I have had good experience with large systems of:
- E-commerce ⇒ Often have very complicated relational models to represent attributes / attribute groups / category hierarchy / category attributes. etc.
- Jobs and Resumes ⇒ Usually deal with poorly structured textual information. Algorithms for determining relevance are extremely important.
- Telco ⇒ Stores different configurations that are difficult to structure in a relational model.
In fact, from a given volume of data, as well as for certain read and write characteristics, enterprise search , NoSQL or both are practically necessary to keep the system responsive.
How it works
In both cases it is possible to create documents with different attributes (eg, in JSON format), including complex attributes ( arrays , nested types, etc). Documents with different attributes can be grouped into the same category (ie a document's type does not define its attributes).
When you search for a particular document (for example, by id ), you get all the information that persisted about that document (ie, all attributes).

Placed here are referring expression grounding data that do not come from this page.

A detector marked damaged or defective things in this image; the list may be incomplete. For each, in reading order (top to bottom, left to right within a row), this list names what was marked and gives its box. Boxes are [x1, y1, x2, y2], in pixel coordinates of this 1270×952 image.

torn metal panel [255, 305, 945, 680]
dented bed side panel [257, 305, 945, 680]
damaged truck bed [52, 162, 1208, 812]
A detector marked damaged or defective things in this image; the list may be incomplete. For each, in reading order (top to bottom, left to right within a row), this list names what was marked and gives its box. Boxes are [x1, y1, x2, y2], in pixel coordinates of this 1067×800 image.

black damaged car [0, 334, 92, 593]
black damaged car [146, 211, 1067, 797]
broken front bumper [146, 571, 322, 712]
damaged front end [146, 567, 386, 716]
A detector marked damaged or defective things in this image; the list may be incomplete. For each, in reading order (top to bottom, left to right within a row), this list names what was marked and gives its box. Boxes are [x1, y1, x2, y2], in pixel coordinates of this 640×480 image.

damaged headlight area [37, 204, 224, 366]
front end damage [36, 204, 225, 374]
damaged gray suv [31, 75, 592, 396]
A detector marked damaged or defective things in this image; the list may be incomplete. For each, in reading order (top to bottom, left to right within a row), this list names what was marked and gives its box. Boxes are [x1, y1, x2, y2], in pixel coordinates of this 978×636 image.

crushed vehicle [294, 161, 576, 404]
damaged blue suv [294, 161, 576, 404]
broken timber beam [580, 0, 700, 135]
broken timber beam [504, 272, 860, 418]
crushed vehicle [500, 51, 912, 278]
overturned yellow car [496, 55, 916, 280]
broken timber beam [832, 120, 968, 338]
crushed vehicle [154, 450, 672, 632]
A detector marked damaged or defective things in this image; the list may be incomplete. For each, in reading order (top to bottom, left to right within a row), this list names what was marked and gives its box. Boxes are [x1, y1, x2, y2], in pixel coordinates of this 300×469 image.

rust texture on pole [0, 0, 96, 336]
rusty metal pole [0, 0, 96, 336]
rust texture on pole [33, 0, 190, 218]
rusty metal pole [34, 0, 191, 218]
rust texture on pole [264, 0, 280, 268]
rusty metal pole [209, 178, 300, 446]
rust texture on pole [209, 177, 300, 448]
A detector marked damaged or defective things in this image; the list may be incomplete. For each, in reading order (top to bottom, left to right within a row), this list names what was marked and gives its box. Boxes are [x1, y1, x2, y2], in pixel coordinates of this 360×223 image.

When you make a query using a certain attribute, the engines do a search only on documents that contain that attribute.
In practice, your application ends up knowing and defining the rules for the attributes (eg, a car will always have
ano , but only imported cars have the country of origin attribute) and you make "sane" queries on top of these rules. These are what Martin Fowlwer calls implicit schemas .
Performance: The correct use of these solutions is much more efficient than the EVA standard in relational databases. These solutions are designed to quickly scale and return query results in giant data sets .
Queries: Searches by types, ranges, logical searches, ordering, scoring , full text search , in short, all sorts of things can be done. Of course, tools have their own characteristics. It takes a while for you to figure out how to efficiently structure information, as well as get rid of the addiction to aggregate functions, having clauses and the like (although even that kind of query can be done with MapReduce solutions).
ACID / BASE : As with relational databases, NoSQL tools can often be configured to support different consistency / availability / fault tolerance characteristics (see CAP Theorem ). Each tool also has its own transaction and serialization mechanisms* .
Practicality: Persist your documents and make all kinds of queries (as well as updates , deletes , partial updates , etc). Everything is very simple (the learning curve of Relational DBMS, in my opinion, is much steeper).
* Specific to the mentioned tools: You won't have any problems with concurrent reads or writes. I just recommend that you keep at least two nodes in the air at all times (especially for MongoDB). The intuition here is not (only) to guarantee high availability, but to extract the most from the tools. I recommend doing this even for the development environment… This task is much simpler than it looks (I did local configurations with VMs on my laptop, I didn't spend more than an hour configuring MongoDB and Elasticsearch).